PHP Luminova: Website Sitemap & Broken Link Generator
Generate XML sitemaps or scan for broken links using Luminova’s Sitemap Generator, either via the novakit CLI or directly in your code.
Luminova's Sitemap Generator is a built-in system that not only creates XML sitemaps for your application but can also scan and report broken links across your site. It helps you maintain both search engine visibility and link integrity in a single process.
You can generate a sitemap or a broken link report in three ways:
Command Line (recommended):Use the
novakitCLI tool to quickly generate or update a sitemap, or to perform a broken link scan.Programmatically:Call the sitemap generator directly from your code using the
Sitemap::generate()method.Background Queue:Run sitemap generation as a background process in production environments to avoid blocking requests.

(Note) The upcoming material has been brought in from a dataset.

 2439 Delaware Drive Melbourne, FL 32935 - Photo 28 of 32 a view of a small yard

Supported Novakit CLI Options
-u, --url # Specify the starting URL to scan (default: value of `env(dev.app.start.url)`).
-f, --basename # Set the output filename (default: `sitemap.xml` or `broken.sitemap.json`).

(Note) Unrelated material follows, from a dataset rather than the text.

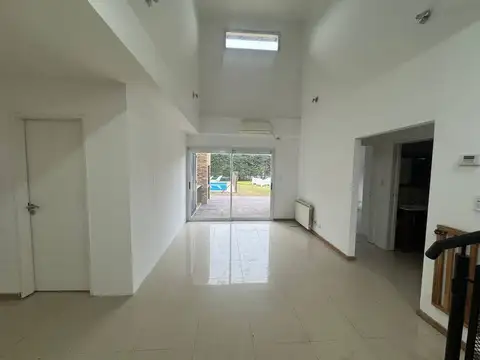 Casa en Alquiler en Altos de Hudson II, USD 1.700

-b, --broken # Scan and generate a JSON report of broken links instead of a sitemap.
-t, --link-tree # Generate a TXT report of website links instead of an XML sitemap or JSON broken links.
--format # Custom output format for link tree, e.g., "{url} | {title} | {status} | {lastmod}". Default: "{url} {title} ({status})"
-l, --limit # Limit the number of URLs to scan (0 = no limit).
-d, --delay # Delay in seconds between scans (minimum: 1).
-e, --max-execution # Maximum script execution time in seconds (0 = unlimited).
-p, --prefix # Restrict scan to URLs matching a specific prefix.
-c, --change # Set the expected change frequency (always, daily, weekly, etc.).
-s, --html # Include static `.html` versions of URLs in the sitemap.
-v, --verbose # Control output verbosity (use `-v` multiple times for more detail).
-n, --dry-run # Perform a full scan without writing any output files.
-a, --ignore-assets # Ignore URLs pointing to assets directories such as `/assets/` or `/public/assets/`.
-h, --help # Show help information for this command.Get Help:
To see all available options and learn more about the sitemap generator:
php novakit sitemap --help1. Configuration
Generating a sitemap or checking for broken links in your web application is simple.Open the sitemap configuration file:
/app/Config/Sitemap.phpUpdate the properties to match your project needs. Common settings include:
- Start URL - The base URL to begin scanning.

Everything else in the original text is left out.